About __getitem__ / __iter__ connection: many people coming from other languages (Java and its kin) code iteration unpythonically as a loop over getting items. The default implementation eases that path (no idea if that’s the reason it was included in paleo-Python).

Infinite lazy sequences are not the default. You have to give your class an __getitem__ method, and that method has to violate the expected behaviour of a finite sequence or mapping.

Your class does that, and the consequence is that it behaves as an infinite lazy sequence. If you don’t want it to behave as an infinite lazy sequence, then don’t program it to be an infinite lazy sequence.

The Principle Of Least Astonishment correctly applies to user interfaces, not APIs, and refers to what ordinary users expect, not skilled programmers. A widget that looks like a push button should behave as a push button. A hyperlink stating that it takes you to a glossary of terms should actually go to a glossary of terms.

We can extend the principle to APIs, but then the problem becomes that we no longer have anything even remotely close to “an ordinary user”. Programmers differ far more in what they consider “astonishing”, and that astonishment changes greatly as they become more experienced.

You might be surprised that your “identity_map” class behaves as an infinite lazy sequence, but I wasn’t, I recognised it immediately I saw the __getitem__ method, and to me there is no surprise that it iterates forever.

To me, it would be astonishing if it didn’t iterate forever.

So the POLA is a very weak argument when it comes to software APIs. Surprising to whom?

Don’t just dismiss backwards compatibility like that. The sequence protocol goes back to Python 1.x days, it is much, much older than the iteration protocol, and the Python language takes backwards compatibility very, very seriously.

Given the choice between

  1. breaking some unknown number of third-party scripts and applications,

  2. and requiring people who don’t want their subscriptable classes to be iterable to add one extra line of code to their class

we’re going to choose 2 unless there is some really, really, big and important reason to break people’s code.

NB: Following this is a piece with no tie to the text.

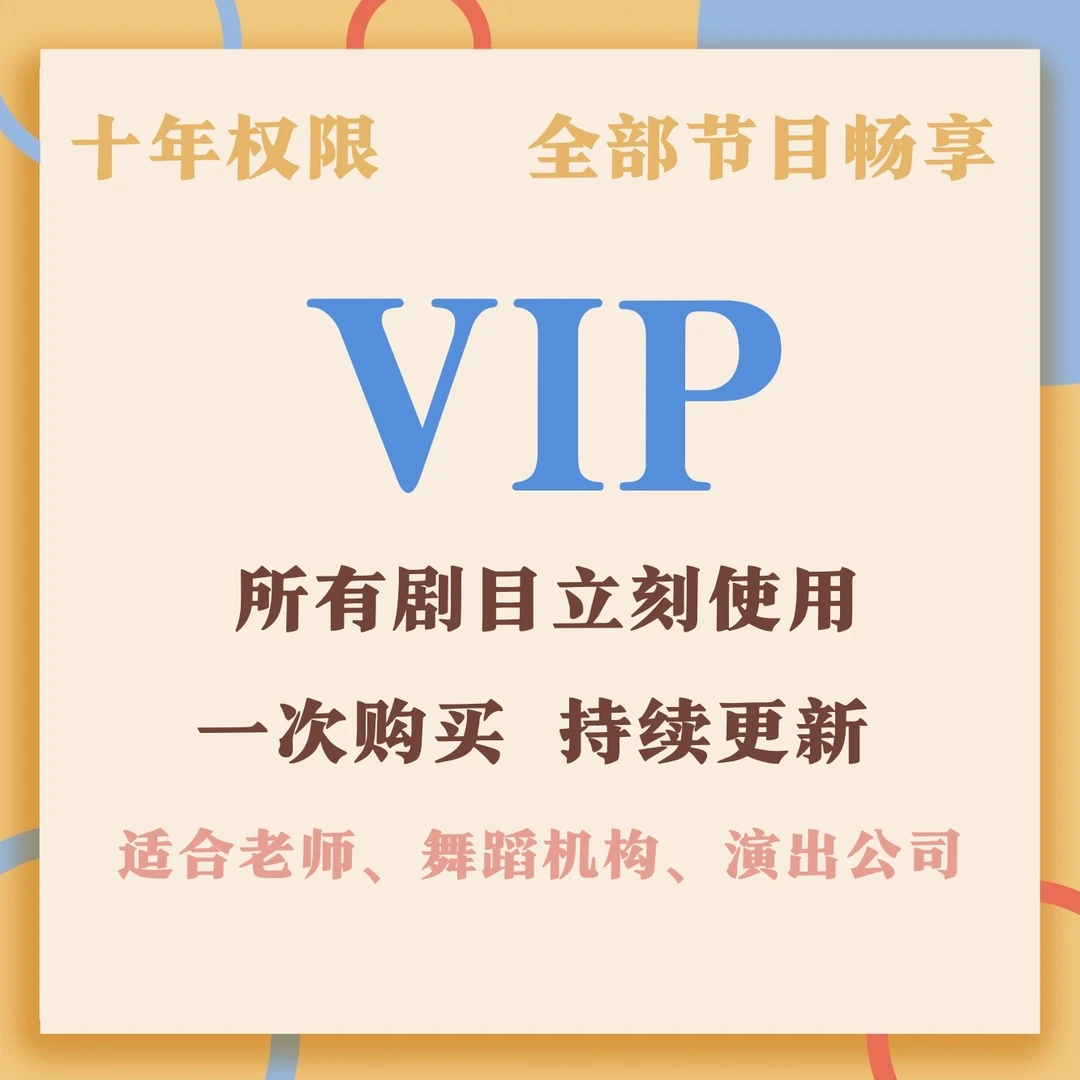 桂冠舞蹈.所有课程.持续更新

“Some people, who haven’t learned about the sequence protocol, might be surprised; other people just don’t like it” is not a big important reason.

You should. That means that any time you call list(obj) on some unknown iterator, you have no idea whether it is going to terminate or loop forever.

And depending on your OS and the version of Python, that could simply raise MemoryError after some indefinite time (which your program probably doesn’t handle), or in the worst case it could lock up your computer to the point it needs a hard reset, or cause the OOM Killer to start randomly killing processes.

I’ve had both happen to me, although fortunately not on production servers!

Given how easy it is to write iterators that run forever, and how useful it is, I’m actually surprised that there aren’t more problems in practice with list not terminating.

Correct. It is a method, not the method. Iteration in the Python data module corresponds to a pair of protocols, the iteration protocol and the sequence protocol.

No, that’s not what happens. Your “identity_dict” class has no __iter__ method.

What actually happens is that iter() builtin accepts objects that follow the sequence protocol as well as the iteration protocol.

A side-effect of this is that any code that tests whether an object is iterable by looking only for __iter__ is wrong.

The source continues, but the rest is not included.